Background: High-risk components of brain arteriovenous malformations (BAVMs) can be targeted to reduce the risk of lesion rupture.
Objective: To evaluate targeted embolization of aneurysms against other means of treatment with a case-control analysis; we previously investigated this approach associated with BAVMs.
Methods: Retrospective analysis of patients with BAVMs was performed, identifying patients treated with intention to occlude only an aneurysm associated with a BAVM. For each targeted aneurysm embolization (TAE) patient identified, 4 control patients were randomly selected, controlling for rupture status, age, and Spetzler-Martin plus Lawton-Young supplemental score. Analysis was performed to compare rates of adverse events (hemorrhage, new seizure, and death) between the 2 groups.
Results: Thirty-two patients met inclusion criteria, and 128 control patients were identified, out of 1103 patients treated during the study period. Thirty-four adverse events occurred (15 ruptures, 15 new seizures, and 11 deaths) during the follow-up period (mean 1157 d for the TAE cohort and 1036 d for the non-TAE cohort).
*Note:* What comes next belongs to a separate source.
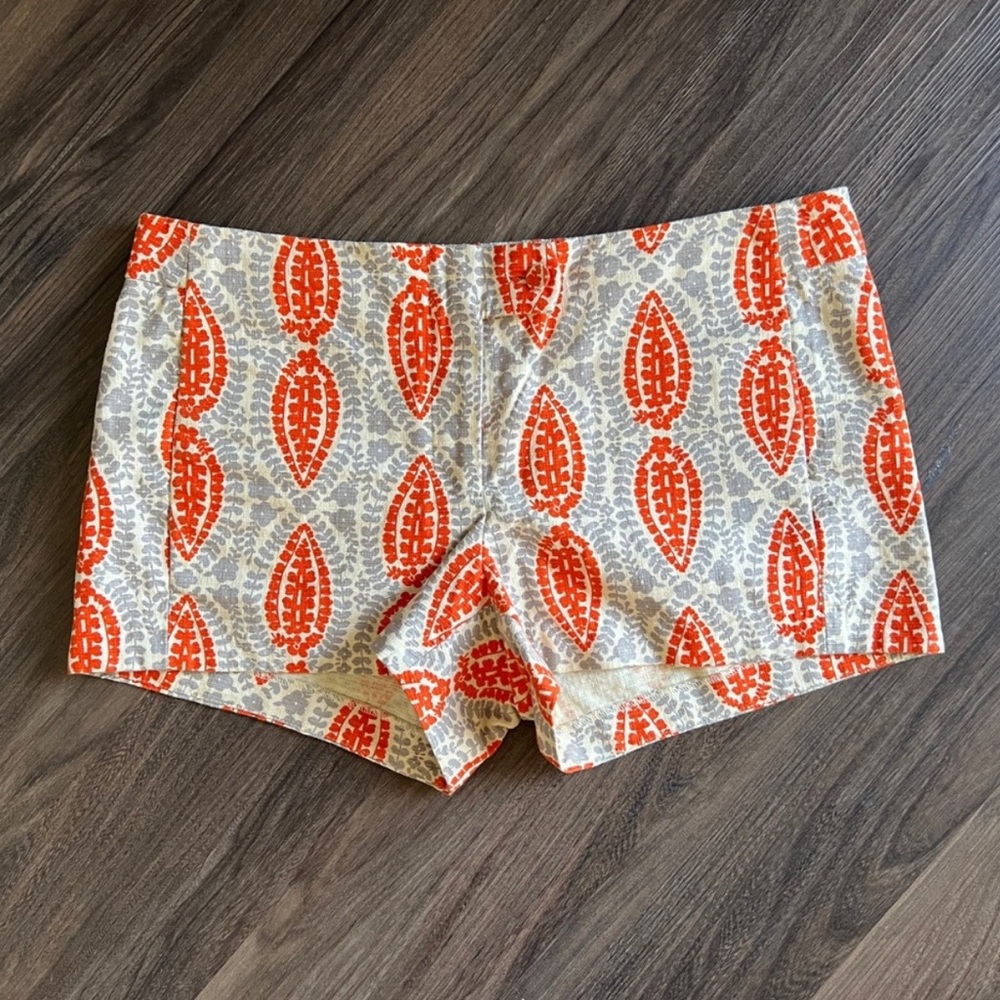 J. Crew Geometric Leaf Print Chino Shorts Size 10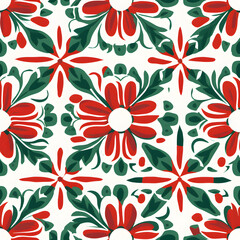 Retro colorful tile in the shape of a flower, in the style of red and green, elaborate borders, bold block prints, chicano-inspired, precisionist lines.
Statistically lower associations were noted for the TAE group for any adverse event (hazard ratio 0.28, P = .037) and the composite outcome of hemorrhage or new seizure (hazard ratio 0.20, P = .029).
Conclusion: For BAVMs at high risk for surgical resection, TAE can be performed safely and effectively. Patients treated with TAE had better outcomes than matched patients undergoing other combinations of treatment. TAE can be considered for BAVMs with high operative risk prior to radiosurgery or when no other treatment options are available.